§ **Data segment**
━━━━━━━━━━━━━━━━━━━━

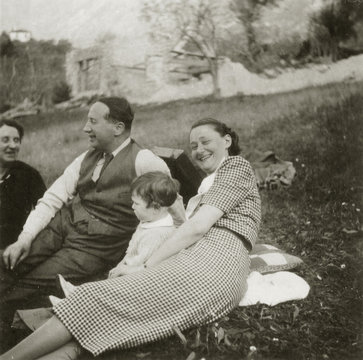 FOTO ANTICA CON GRUPPO DI PERSONE IN RELAX 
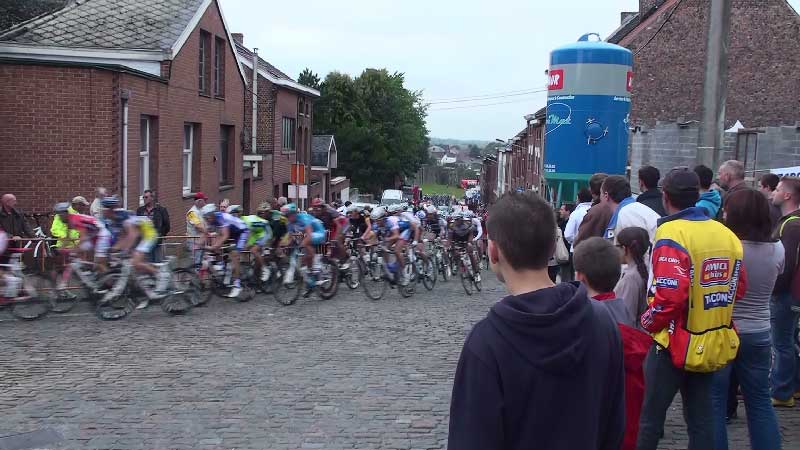 doortocht peloton op de kasseistrook; je herkent mij in zwarte trui in het midden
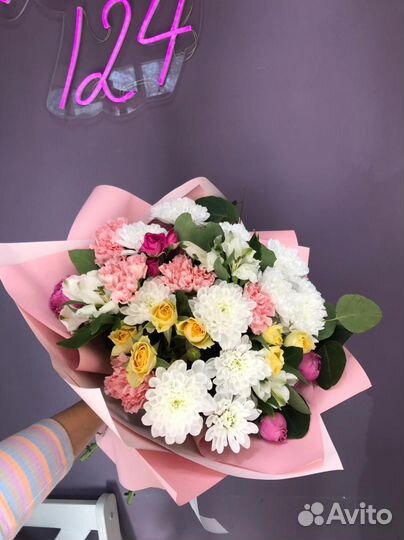 Букет из цветов доставка Flowers124 цветы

━━━━━━━━━━━━━━━━━━━━

§ **Work instruction**
Restate the whole listing exactly as written, minus the pictures.

§ **Task solution**
 FOTO ANTICA CON GRUPPO DI PERSONE IN RELAX 
 doortocht peloton op de kasseistrook; je herkent mij in zwarte trui in het midden
 Букет из цветов доставка Flowers124 цветы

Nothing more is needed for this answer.